Unknown, but may be due to fluctuations in the circulating level of hormones (especially estrogen and progesterone). These fluctuations cause retention of sodium in the blood stream, resulting in edema in body tissues including the brain. Increased levels of prostaglandin (a chemical) in the bloodstream may be a factor. Additional theories about the basis of PMS include psychiatric, endocrinologic, diet, endorphin, serotonin, prostaglandin, fluid retention, vitamin and other factors.

Risk Increases With

• Increased levels of stress.
• Caffeine and high fluid intake seem to worsen symptoms.
• Smoking may also intensify or increase symptoms.
• PMS is exacerbated with age.
• PMS can occur with other disorders such as depression.

Preventive Measures

No specific preventive measures, but try to avoid stressful situations at the expected time of PMS. Also share your feelings and needs with a close friend or spouse.

Expected Outcome

Present treatments may or may not be effective. Medication can relieve some symptoms. However, many new treatments are in the experimental stage, offering hope for the future.

Possible Complications

Emotional stress severe enough to disrupt a woman’s life.

Treatment/Post Procedure Care

General Measures

• A physical examination will be done to rule out other disorders. Diagnosis usually depends on a history of symptoms and their relationship to the menstrual cycle. Keeping a menstrual diary helps monitor and record symptoms and their severity.
• Treatment steps involve education (important to aid in understanding the problem), diet, exercise, and lifestyle changes. There are no medications clearly indicated for PMS.
• Reduce stress where possible. Learn relaxation techniques.
• If feasible, reduce activities during symptomatic days.
• Stop smoking.
• Join a support group.

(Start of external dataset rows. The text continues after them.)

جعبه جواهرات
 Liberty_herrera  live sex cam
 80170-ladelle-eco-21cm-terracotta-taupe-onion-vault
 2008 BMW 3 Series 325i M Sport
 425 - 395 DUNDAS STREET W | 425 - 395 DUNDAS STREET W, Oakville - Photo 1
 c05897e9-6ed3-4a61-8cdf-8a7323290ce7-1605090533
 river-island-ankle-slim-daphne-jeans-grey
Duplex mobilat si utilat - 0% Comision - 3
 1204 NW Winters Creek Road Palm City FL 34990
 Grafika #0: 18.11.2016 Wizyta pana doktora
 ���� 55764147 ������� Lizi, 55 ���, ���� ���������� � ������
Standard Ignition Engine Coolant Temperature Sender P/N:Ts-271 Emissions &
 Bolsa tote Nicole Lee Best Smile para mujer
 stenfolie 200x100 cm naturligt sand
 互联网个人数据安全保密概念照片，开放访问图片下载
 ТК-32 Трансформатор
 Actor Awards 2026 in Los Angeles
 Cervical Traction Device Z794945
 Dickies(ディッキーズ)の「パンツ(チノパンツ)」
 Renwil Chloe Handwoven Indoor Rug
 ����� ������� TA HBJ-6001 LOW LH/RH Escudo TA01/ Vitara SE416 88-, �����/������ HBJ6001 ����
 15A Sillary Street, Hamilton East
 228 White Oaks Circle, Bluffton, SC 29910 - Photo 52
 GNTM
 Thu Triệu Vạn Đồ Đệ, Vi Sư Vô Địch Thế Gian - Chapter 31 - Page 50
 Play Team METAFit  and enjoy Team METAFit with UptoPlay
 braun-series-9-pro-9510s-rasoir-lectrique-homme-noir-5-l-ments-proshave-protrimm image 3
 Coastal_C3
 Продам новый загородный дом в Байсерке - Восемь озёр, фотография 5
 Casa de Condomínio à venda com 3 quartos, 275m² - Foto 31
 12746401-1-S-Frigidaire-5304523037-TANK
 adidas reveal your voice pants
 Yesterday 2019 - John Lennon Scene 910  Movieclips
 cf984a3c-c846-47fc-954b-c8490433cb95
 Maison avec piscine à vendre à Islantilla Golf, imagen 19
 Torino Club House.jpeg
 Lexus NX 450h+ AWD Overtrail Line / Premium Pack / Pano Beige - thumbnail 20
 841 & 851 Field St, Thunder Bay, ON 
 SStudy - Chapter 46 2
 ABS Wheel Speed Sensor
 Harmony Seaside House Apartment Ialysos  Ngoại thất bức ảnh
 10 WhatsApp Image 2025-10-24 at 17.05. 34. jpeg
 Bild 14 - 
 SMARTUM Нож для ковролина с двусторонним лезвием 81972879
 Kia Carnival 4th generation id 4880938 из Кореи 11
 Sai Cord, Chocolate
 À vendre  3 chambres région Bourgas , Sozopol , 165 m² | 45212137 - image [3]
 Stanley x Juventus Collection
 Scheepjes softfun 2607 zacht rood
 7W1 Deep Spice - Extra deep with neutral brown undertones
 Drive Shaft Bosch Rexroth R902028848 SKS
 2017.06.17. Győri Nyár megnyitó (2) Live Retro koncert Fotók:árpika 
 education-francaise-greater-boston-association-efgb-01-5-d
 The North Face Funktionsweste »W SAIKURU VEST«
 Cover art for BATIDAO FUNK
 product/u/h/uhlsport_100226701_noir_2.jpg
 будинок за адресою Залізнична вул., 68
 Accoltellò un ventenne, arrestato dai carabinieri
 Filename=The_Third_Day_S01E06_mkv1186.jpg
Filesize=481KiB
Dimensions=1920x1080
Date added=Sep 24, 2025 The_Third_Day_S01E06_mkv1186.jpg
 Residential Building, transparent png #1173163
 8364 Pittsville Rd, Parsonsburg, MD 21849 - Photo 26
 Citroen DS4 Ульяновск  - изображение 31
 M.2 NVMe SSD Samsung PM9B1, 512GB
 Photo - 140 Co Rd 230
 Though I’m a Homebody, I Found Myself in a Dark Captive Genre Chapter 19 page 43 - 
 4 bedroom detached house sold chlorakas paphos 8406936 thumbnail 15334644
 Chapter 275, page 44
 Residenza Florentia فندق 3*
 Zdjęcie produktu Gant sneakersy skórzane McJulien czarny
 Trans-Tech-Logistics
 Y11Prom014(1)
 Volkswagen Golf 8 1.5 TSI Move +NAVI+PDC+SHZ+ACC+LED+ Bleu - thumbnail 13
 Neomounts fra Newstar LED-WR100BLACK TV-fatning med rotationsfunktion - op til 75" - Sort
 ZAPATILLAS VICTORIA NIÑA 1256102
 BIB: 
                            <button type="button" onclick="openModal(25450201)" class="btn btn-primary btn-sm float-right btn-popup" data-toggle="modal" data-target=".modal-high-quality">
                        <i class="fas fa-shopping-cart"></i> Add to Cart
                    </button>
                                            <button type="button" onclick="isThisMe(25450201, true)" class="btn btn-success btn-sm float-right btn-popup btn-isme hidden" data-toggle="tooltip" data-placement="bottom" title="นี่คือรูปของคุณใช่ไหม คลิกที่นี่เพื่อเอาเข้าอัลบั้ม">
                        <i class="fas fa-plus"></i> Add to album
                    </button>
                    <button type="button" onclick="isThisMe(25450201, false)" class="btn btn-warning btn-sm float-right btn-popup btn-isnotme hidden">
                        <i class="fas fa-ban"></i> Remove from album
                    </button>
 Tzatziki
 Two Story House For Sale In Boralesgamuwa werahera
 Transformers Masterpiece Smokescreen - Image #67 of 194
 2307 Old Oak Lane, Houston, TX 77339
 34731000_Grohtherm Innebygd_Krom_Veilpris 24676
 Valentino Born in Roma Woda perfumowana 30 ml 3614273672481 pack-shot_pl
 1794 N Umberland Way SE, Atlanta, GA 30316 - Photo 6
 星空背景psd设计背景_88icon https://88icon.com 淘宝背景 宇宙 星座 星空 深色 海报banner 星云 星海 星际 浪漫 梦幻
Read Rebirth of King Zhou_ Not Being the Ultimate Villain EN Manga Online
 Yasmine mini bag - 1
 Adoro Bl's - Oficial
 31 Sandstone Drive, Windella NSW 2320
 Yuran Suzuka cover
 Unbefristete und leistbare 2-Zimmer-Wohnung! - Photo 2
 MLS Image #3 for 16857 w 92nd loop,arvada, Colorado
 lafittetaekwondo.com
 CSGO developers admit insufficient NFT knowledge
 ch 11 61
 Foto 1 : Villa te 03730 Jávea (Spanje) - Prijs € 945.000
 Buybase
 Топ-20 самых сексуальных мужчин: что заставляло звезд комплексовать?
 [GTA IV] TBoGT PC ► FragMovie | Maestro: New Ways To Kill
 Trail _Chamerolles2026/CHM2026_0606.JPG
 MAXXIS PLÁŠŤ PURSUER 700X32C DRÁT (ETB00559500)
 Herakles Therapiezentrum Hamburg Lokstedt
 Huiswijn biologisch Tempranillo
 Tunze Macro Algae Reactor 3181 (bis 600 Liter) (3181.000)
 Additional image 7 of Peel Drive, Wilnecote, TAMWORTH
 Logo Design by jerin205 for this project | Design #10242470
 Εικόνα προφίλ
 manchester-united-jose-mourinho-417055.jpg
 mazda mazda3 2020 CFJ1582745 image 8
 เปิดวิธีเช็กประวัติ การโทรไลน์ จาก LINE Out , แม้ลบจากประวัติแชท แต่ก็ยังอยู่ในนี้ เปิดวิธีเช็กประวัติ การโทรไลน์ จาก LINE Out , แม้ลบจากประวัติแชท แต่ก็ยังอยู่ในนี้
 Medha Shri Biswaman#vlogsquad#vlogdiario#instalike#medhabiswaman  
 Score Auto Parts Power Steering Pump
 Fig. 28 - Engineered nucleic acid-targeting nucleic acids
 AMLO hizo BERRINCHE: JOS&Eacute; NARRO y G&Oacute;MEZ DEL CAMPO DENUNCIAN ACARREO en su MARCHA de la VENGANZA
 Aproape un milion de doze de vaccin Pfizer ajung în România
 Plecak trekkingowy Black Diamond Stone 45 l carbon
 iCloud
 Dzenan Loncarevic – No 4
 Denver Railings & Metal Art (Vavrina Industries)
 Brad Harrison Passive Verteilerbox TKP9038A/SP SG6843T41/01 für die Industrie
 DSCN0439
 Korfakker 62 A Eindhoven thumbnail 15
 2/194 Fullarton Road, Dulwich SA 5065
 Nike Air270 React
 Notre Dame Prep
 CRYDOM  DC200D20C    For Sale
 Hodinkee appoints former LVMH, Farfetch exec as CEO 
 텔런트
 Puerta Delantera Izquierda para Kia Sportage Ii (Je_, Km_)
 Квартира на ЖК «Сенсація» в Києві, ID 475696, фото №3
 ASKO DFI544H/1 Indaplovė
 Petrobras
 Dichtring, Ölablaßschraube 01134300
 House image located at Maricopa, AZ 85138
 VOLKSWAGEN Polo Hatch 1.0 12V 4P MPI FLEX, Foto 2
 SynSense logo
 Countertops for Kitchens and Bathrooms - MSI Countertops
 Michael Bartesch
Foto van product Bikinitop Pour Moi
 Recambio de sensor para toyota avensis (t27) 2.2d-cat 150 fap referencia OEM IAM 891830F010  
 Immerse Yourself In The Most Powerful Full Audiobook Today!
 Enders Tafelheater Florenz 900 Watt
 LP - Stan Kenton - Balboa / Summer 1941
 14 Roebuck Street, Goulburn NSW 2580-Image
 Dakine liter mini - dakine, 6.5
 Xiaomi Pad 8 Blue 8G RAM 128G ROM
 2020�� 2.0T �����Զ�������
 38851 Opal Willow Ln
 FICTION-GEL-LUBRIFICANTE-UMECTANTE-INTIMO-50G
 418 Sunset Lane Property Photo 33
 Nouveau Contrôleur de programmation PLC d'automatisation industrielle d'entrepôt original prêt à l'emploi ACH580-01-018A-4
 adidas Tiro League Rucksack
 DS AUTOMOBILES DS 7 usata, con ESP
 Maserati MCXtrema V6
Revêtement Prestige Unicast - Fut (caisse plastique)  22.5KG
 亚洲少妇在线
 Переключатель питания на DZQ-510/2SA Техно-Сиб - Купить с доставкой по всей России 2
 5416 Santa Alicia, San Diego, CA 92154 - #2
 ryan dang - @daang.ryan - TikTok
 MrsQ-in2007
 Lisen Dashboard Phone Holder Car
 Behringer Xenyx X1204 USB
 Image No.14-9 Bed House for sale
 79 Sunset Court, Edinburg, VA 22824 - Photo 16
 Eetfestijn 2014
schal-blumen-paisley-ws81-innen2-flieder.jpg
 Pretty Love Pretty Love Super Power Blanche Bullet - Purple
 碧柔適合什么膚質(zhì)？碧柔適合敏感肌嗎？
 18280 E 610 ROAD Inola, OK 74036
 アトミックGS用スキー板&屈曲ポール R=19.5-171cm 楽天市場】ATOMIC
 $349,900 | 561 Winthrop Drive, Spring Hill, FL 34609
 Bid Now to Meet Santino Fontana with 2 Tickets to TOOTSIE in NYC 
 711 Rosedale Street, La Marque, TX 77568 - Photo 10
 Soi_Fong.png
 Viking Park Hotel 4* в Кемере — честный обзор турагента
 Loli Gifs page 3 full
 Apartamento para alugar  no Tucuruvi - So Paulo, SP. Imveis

Talking about your PMS problems with others can help.
• Get individual or couple counseling.
• Additional information available from PMS Access, P.O. Box 9326, Madison, WI 53715, (800) 222-4767 (in Wisconsin, 800-833-4767).

Medication

• These are used with varying degrees of success:
• Nonsteroidal anti-inflammatory drugs (NSAIDs) to decrease prostaglandin levels.
• Diuretics to reduce fluid retention.
• Pain medications such as acetaminophen or ibuprofen.
• Vitamin B-6, vitamin E, magnesium.
• Anti-anxiety drugs.
• Danazol for total symptom complex; leuprolide (Lupron) or Gn-Rh (gonadotropin-releasing hormone) where complete ovarian suppression is deemed appropriate.
• Oral contraceptives may help.
• Tranquilizers or sedatives to relieve tension.
• Other medications are undergoing study and may be found to be more effective.

Activity

• Begin a regular, aerobic exercise program (walking, biking, etc.). Exercise appears to help relieve symptoms of PMS.
• Get regular sleep.

Diet

• Decrease salt intake during the premenstrual phase.
• Eat a low-fat, high-complex carbohydrate diet.
• Eat frequent small meals.
• Limit intake of caffeine (coffee, sodas, tea and chocolate).
• Abstain from alcohol.

Notify Your Healthcare Provider If

• You or a family member has symptoms of PMS that interfere with normal activities or relationships.
• Symptoms don’t improve, despite treatment.
• New, unexplained symptoms develop. Drugs used in treatment may produce side effects.
• You or a family member has symptoms of PMS that interfere with normal activities or relationships.
• Symptoms don’t improve, despite treatment.
• New, unexplained symptoms develop. Drugs used in treatment may produce side effects.